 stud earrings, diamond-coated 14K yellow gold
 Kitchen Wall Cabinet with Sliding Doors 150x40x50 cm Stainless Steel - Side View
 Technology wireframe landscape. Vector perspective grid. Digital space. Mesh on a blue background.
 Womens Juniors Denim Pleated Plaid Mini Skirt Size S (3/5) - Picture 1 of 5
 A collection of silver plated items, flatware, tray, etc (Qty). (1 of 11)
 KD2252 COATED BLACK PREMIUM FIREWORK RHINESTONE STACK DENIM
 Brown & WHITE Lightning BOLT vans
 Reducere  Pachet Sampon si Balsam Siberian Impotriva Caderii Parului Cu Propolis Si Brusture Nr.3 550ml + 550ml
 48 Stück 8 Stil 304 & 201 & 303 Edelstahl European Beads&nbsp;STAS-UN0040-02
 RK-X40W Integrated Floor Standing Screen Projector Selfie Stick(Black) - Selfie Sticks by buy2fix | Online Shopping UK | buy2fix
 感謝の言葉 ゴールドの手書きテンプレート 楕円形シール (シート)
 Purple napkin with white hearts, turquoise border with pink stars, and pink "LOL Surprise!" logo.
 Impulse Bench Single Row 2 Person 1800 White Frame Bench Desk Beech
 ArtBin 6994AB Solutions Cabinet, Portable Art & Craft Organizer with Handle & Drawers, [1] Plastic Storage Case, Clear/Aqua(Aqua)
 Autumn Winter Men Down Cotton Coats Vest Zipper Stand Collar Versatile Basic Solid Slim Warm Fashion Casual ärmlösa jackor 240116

═══

▶ **Task brief**
Gather every line from the entries above where the word "with" appears, and copy them.

▶ **Result for this exercise**
 Kitchen Wall Cabinet with Sliding Doors 150x40x50 cm Stainless Steel - Side View
 Purple napkin with white hearts, turquoise border with pink stars, and pink "LOL Surprise!" logo.
 ArtBin 6994AB Solutions Cabinet, Portable Art & Craft Organizer with Handle & Drawers, [1] Plastic Storage Case, Clear/Aqua(Aqua)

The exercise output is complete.